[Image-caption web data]
┌──

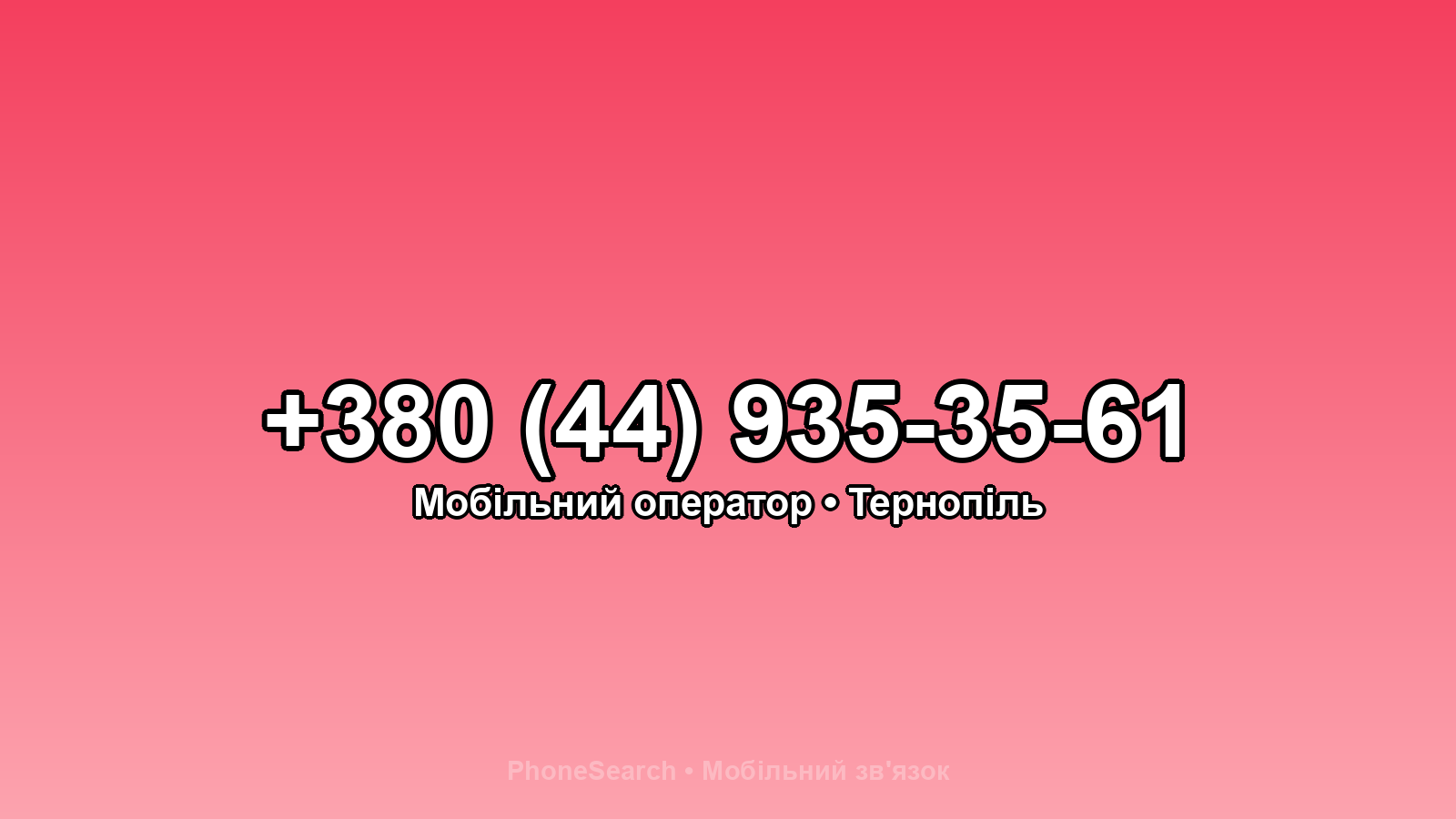 Номер +380 (44) 935-35-61 - вариант 2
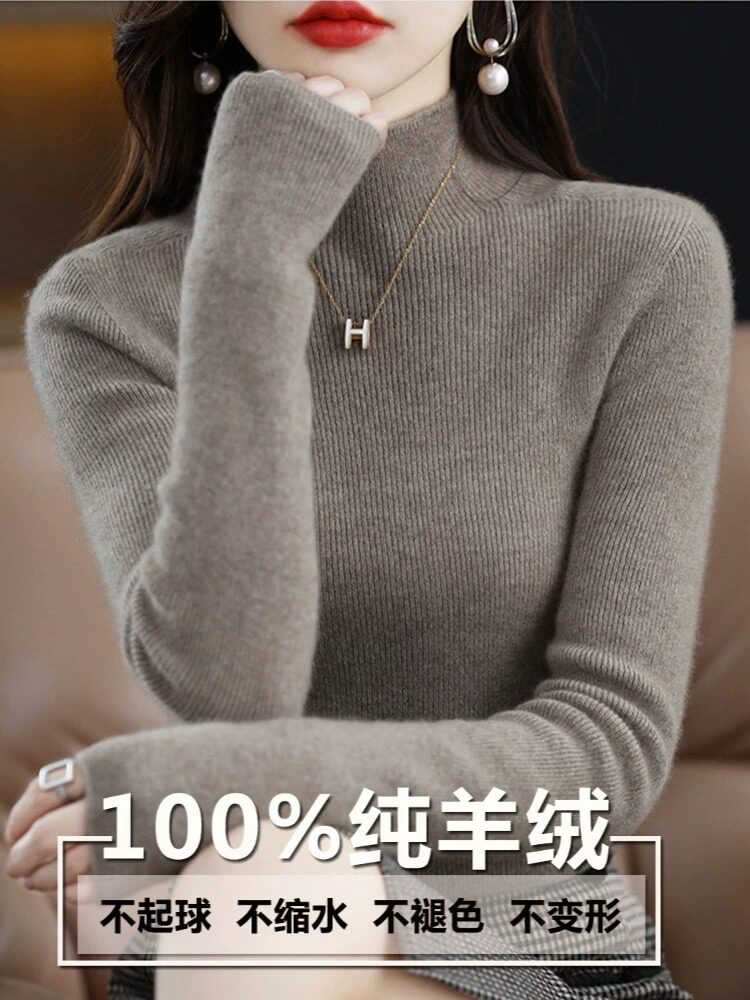 100纯羊绒衫女士修身加厚羊毛针织打底毛衣2023秋冬季新款半高领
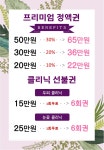 결헤어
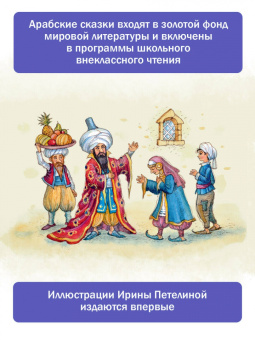 Аладдин и волшебная лампа. Сказки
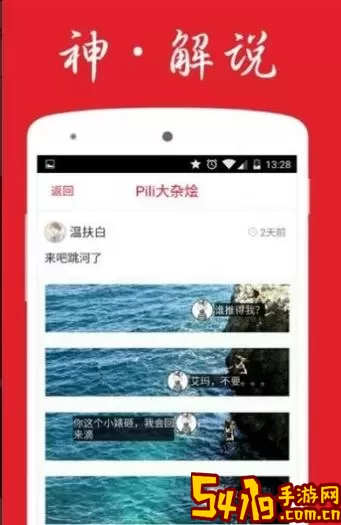 傲爸妈官网版app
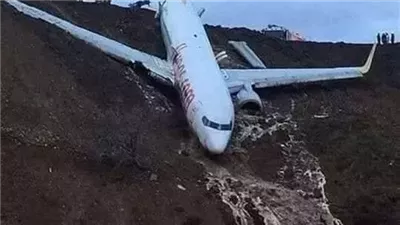 ﺳﻘﻄﺖ ﻃﺎﺋﺮﺓ ﻓﻮﻕ ﻏﺎﺑﺎﺕ ﺍﻷﻣﺎﺯﻭﻥ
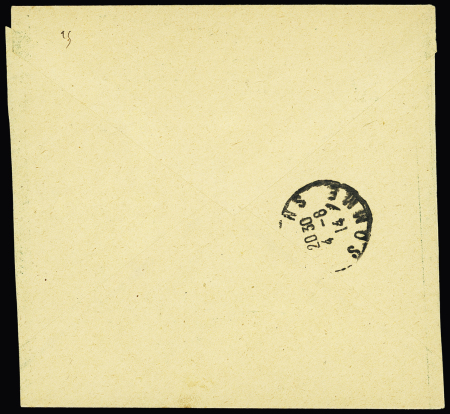 N°107, 1c type Blanc, 2 pièces OBL CAD "Paris 10e congrès Intal Esperanto" (2.8.14) sur bande avec en-tête et vignette du congrès (Le Capitaine Quertant réalisa quelques oblitérations à l'ouverture du congrès le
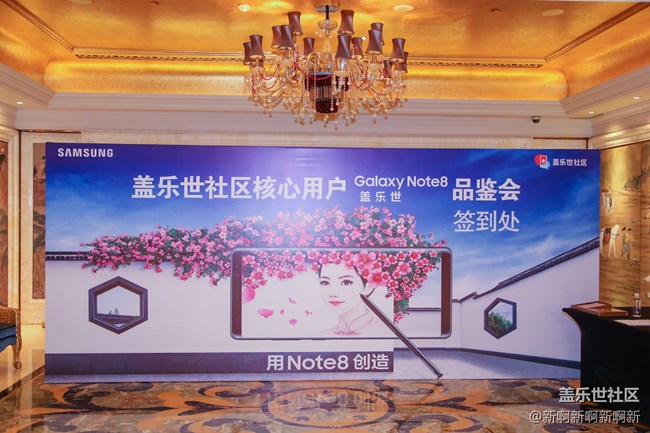 【Note 8品鉴会】相约沈阳——用Note 8创造 【Note 8品鉴会】相约沈阳——用Note 8创造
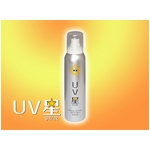 スプレーＵＶケア・美容液 UV星（スター）2本セット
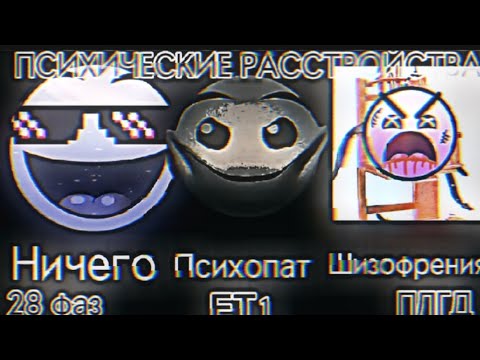 Видео: ✓Психические расстройства / Психованные лица гд.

└──

Without copying the pictures, transcribe the entries exactly.

* [RESPONSE FOR THIS EXERCISE]:
 Номер +380 (44) 935-35-61 - вариант 2
 100纯羊绒衫女士修身加厚羊毛针织打底毛衣2023秋冬季新款半高领
 결헤어
 Аладдин и волшебная лампа. Сказки
 傲爸妈官网版app
 ﺳﻘﻄﺖ ﻃﺎﺋﺮﺓ ﻓﻮﻕ ﻏﺎﺑﺎﺕ ﺍﻷﻣﺎﺯﻭﻥ
 N°107, 1c type Blanc, 2 pièces OBL CAD "Paris 10e congrès Intal Esperanto" (2.8.14) sur bande avec en-tête et vignette du congrès (Le Capitaine Quertant réalisa quelques oblitérations à l'ouverture du congrès le
 【Note 8品鉴会】相约沈阳——用Note 8创造 【Note 8品鉴会】相约沈阳——用Note 8创造
 スプレーＵＶケア・美容液 UV星（スター）2本セット
 Видео: ✓Психические расстройства / Психованные лица гд.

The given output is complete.